31-33 Lytle St PrincetonThe Princeton Council is slated to decide tonight, March 23, whether to buy two lots on Lytle Street to expand Mary Moss Park. The plan is opposed by many residents in the neighborhood. The residents want the town to preserve the house on the property and turn it into affordable housing. The public meeting will be held at 7 p.m. in the municipal building on Witherspoon Street.

The house, built in 1870, was owned previously by Grover Tash, who at one time operated a liquor store in one side of the building. Residents say it is the oldest house on the street in the historic neighborhood.

Council members are expected to vote on an ordinance that allocates $600,000 from the municipal open space trust fund to purchase the property at 31-33 Lytle Street, which was bought by developer Roman Barsky after the owner died. Barsky would demolish the house as part of the deal. The park would be expanded and a wading pool would be replaced with a water spray ground.

Mercer County open space funds would pay for part of the purchase, and the town also has funds set aside for the park upgrades.

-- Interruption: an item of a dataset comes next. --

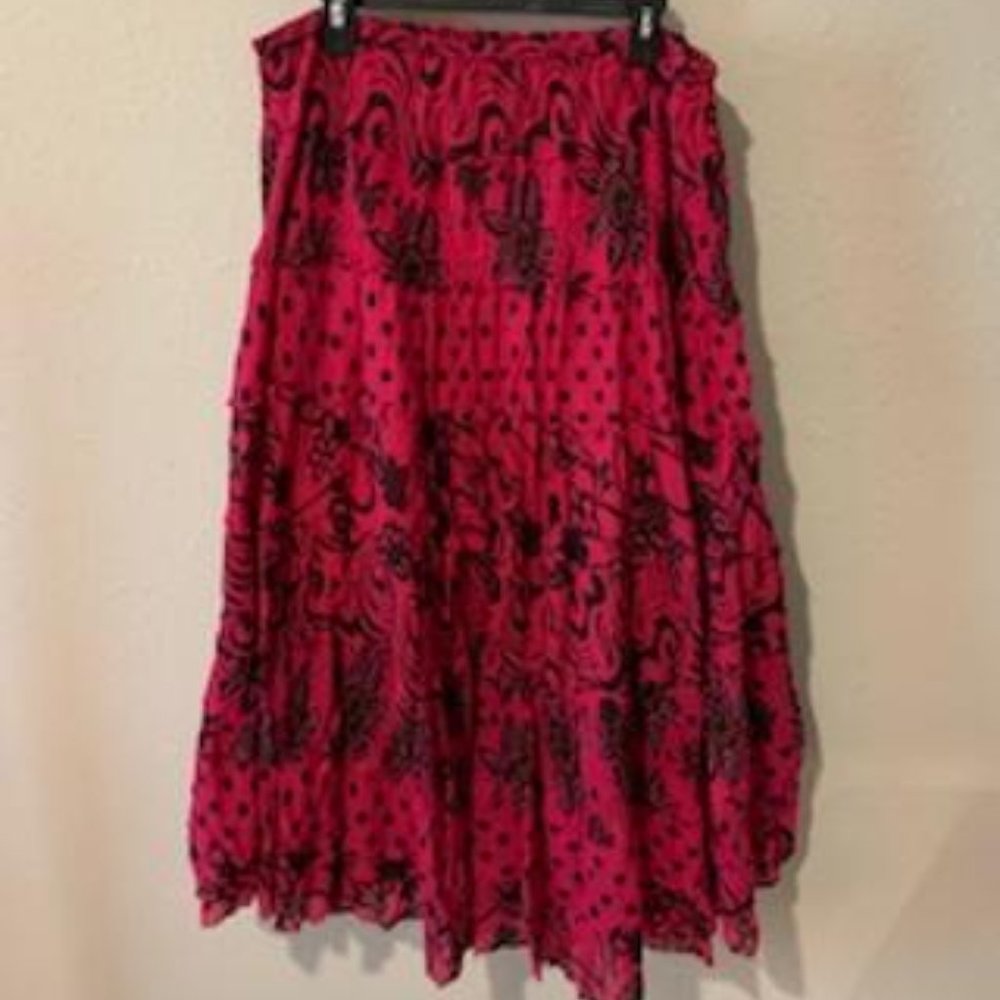 Maxi Skirt Floral Pink and Black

The town would have to find another funding source to renovate the house on the property in order to turn it into affordable housing.

The town could purchase the both lots after the house is demolished and expand the park. Officials could also decide to renovate the park and still keep the housing on the site, but the municipality would be responsible for the renovations. At the recent Witherspoon Jackson neighborhood meeting at the First Baptist Church, officials confirmed that the park could still be expanded if the house remains on the property.

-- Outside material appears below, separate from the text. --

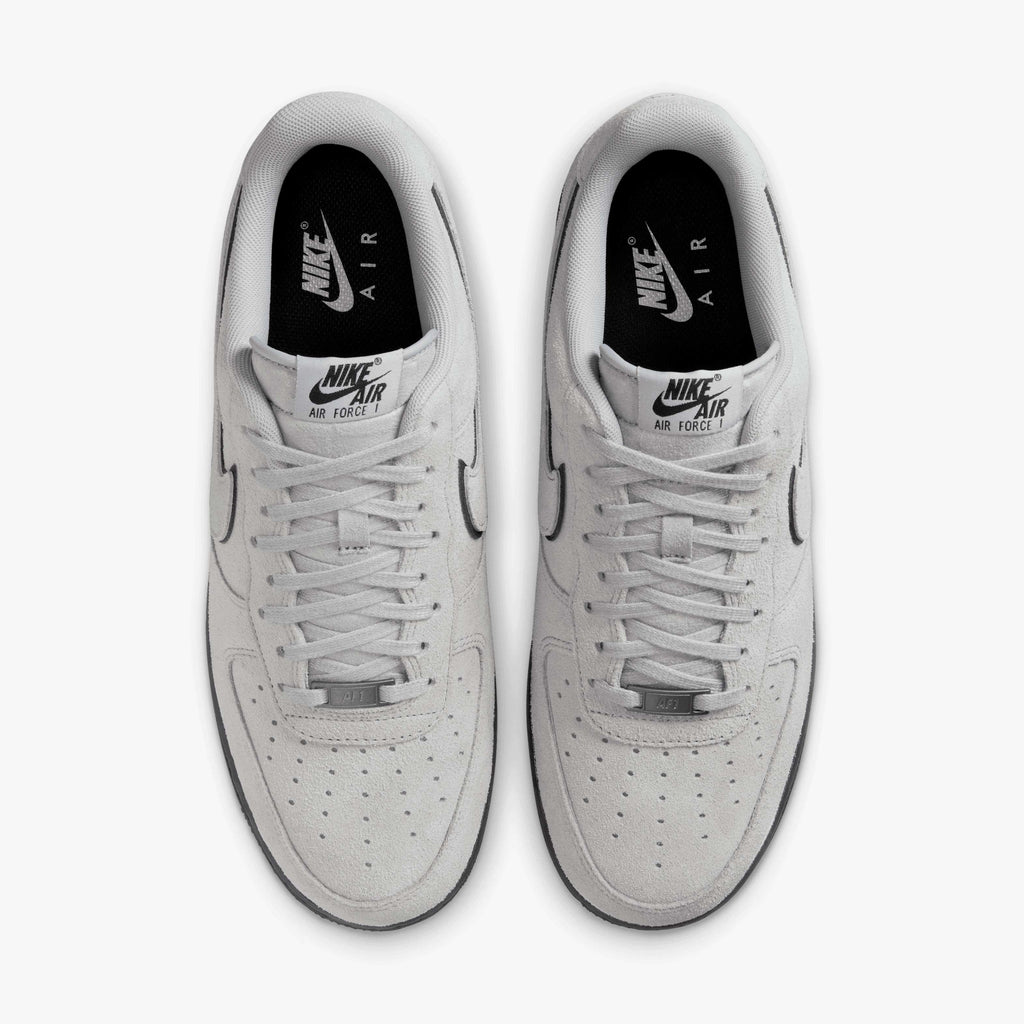 Nike Air Force 1 '07 LV8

If officials decide not to purchase the property, Barsky could demolish the house and build new housing on both lots. He already has a demolition permit to tear down the house.


  1. The house has history and its exterior design (with the great porch) is consistent with the neighborhood feel. Lytle is an interesting street, some individual homeowners have bought and fixed up individual homes consistent with their history, with owners that participate in the neighborhood, the developer builds on that street have been tear downs and rebuilds into what imho are kind of ugly, generic “upscale” things designed to turn quick for a nice profit, and we don’t see the homeowners/renters of those newfab residences so much at the neighborhood meetings. There’s also a couple of slumlord apartment buildings on Lytle that look like they’ll fall down of their own accord eventually. It would be sad to see a nice house (at least on the outside …) like 31-33 demolished, and though the Mary Moss park is nice there right there, there’s not a burning need for it to expand, as there is a nice playground at CP school just a couple blocks away that’s available to the neighborhood. An ideal resolution would be low/moderate income housing in the house, with preference to town or neighborhood residents, with some internal rehab while maintaining the historic exterior. Wish that could happen. Not sure how to get all the pieces together to get that done, though.

    1. Roman Barsky seems to be redesigning Princeton one bland McMansion at a time. I like old houses with character, mine is from 1850, and once that history is gone you can’t get it back.